Note: due to the __start_ reference rule and the fact that the __llvm_prf_data references the text section, with GNU ld and gold all instrumented text sections cannot be discarded. There can be a huge size bloat. If you use GNU ld>=2.37, you can try -z start-stop-gc.

clang -fsanitize-coverage

Miscellaneous

Arm Compiler 5 splits up DWARF Version 3 debug information and puts these sections into comdat groups. On "monolithic input section handling", Peter Smith commented that:

We found that splitting up the debug into fragments works well as it permits the linker to ensure that all the references to local symbols are to sections within the same group, this makes it easy for the linker to remove all the debug when the group isn't selected.

This approach did produce significantly more debug information than gcc did. For small microcontroller projects this wasn't a problem. For larger feature phone problems we had to put a lot of work into keeping the linker's memory usage down as many of our customers at the time were using 32-bit Windows machines with a default maximum virtual memory of 2Gb.

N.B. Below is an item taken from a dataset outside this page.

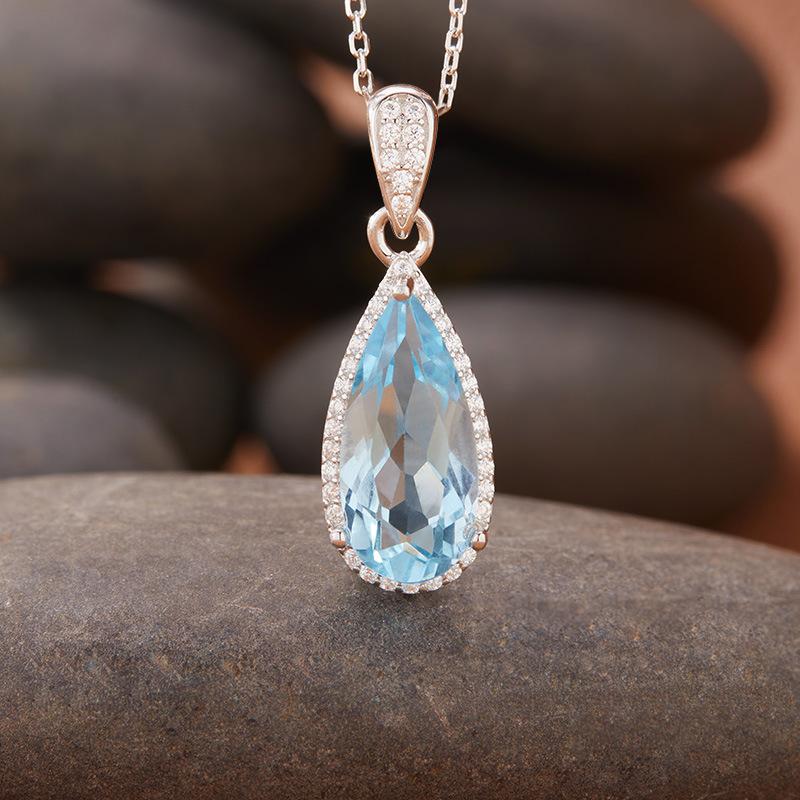Naturlig Topas Citrin Halsband Damset S925 Sterling Silver Färgade Smycken Personlig Vattendroppe Form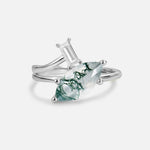 Marquise Cut Moss Agate Engagement Ring with Baguette Side Stone - Additional view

COMDAT sections have size overhead on extra section headers. Developers may be tempted to decrease the overhead with SHF_LINK_ORDER. However, the approach does not work due to the ordering requirement. Considering the following fragments:

1
2
3
4
5
6
7
8
9
10
11
12
13
14
header [a.o common]
- DW_TAG_compile_unit [a.o common]
-- DW_TAG_variable [a.o .data.foo]
-- DW_TAG_namespace [common]
--- DW_TAG_subprogram [a.o .text.bar]
--- DW_TAG_variable [a.o .data.baz]
footer [a.o common]
header [b.o common]
- DW_TAG_compile_unit [b.o common]
-- DW_TAG_variable [b.o .data.foo]
-- DW_TAG_namespace [common]
--- DW_TAG_subprogram [b.o .text.bar]
--- DW_TAG_variable [b.o .data.baz]
footer [b.o common]

DW_TAG_* tags associated with concrete sections can be represented with SHF_LINK_ORDER sections. After linking the sections will be ordered before the common parts.